Mesela AKP genel seçimlerde yaslandığı yere yaslanmak istiyor. Yol, bina, ekonomi diyerek kazanmak istiyor. Başka çaresi kalmadığından ve de genel seçimlerde ona kazandıran en büyük neden olduğundan. Ama zaten çok büyük bir ekonomik zorluk kıskacına giriyoruz iken paraları çalan bir hükümetten halkımızın da artık beklentisinin olmayacağını şöyle iç ferahlığı ile neden söyleyemiyoruz? Bir kere de olsa söylese “gene de gider AKP’ye oy verirler” diyenler.Söyleyiverin gari!

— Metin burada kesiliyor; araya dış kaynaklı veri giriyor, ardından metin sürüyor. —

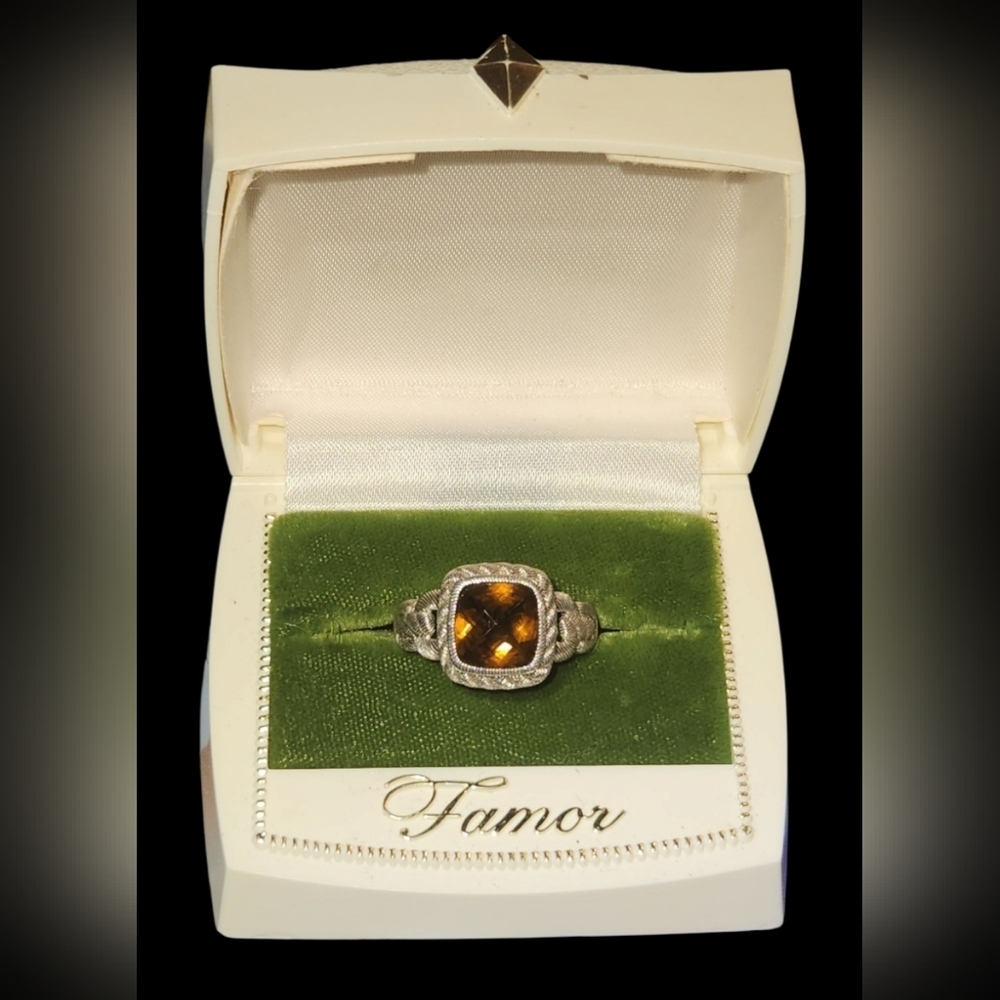 Rare Vintage Judith Ripka 925 Sterling Silver Smoky Citrine Ring Sz 11 Excellent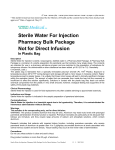 Sterile Water For Injection Pharmacy Bulk Package Not for Direct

Ama bu arada çıkıyor ablanın biri balkondan ayakkabı kutusu sallıyor, bir kardeşimiz AKP'li dolu bir mitingin ortasında 'Hırsız var' pankartı açıyor, bir esnaf “Başbakan'ın konuşması uygun olmadı” diyor. Ve zamanın haso AKP'li milletvekillerinden İdris Bal, Başbakan İstifa Manifestosu hazırlayıp bizzat mücadelesini veriyor.
AKP’lilerin tüm anket sonuçları %50’ye iki üç var. Genel seçimlerden bir milim geri düşmek bile en büyük korkuları. Şu basit matematik gibi görünen ama siyasi hesabı da yaptığımızda AKP oy oranın nasıl düşeceğini görebiliriz. Darbecilerle hesaplaşmadığını gören liberal kesim oyları, cemaat oyları, Gezi'yi görenlerin oyları, Berkin’e yüreği yananlar, dindar AKP’nin çaldığını, haram üstüne haram yediğini gören inançlı kesimler, sokaktan geçerken gaza boğulanlar.
***
Ellerinde katıksız yüzsüzlük, halkı birbirine kırdırmaktan hiç çekinmeyecek gözü dönmüşlükten başka bir şey kalmadı. Çok çaresizler aslında. Her gün ortaya çıkamayan tapelerinde görüşmeler yapıyor olsalar da artık tapeler olmadan hep beraber bildik gördük eminiz. Ortalığa saldığı palalılar da çok aciz.
Halktan durmadan lanet ve protesto yiyen bir Başbakan olarak yerlere düşmüş olduğu için genel de bir tepki göstermek çok olağan bir hale geldi. Her yumrukta, her sillede biraz daha yıprandı. Unutmadan bir mim daha koyalım. Bu dönemimiz bize darbelerden, baskılardan gelen kabukları soyup atmamızı sağladığı için eskisi gibi değil hiçbir şey. Korkuydu, endişeydi, umutsuzluktu, çaresizlikti, komploculuktu, bunların üstünden çok sular aktı. Sandıkta da hiçbir şey eskisi gibi olmayacaktır.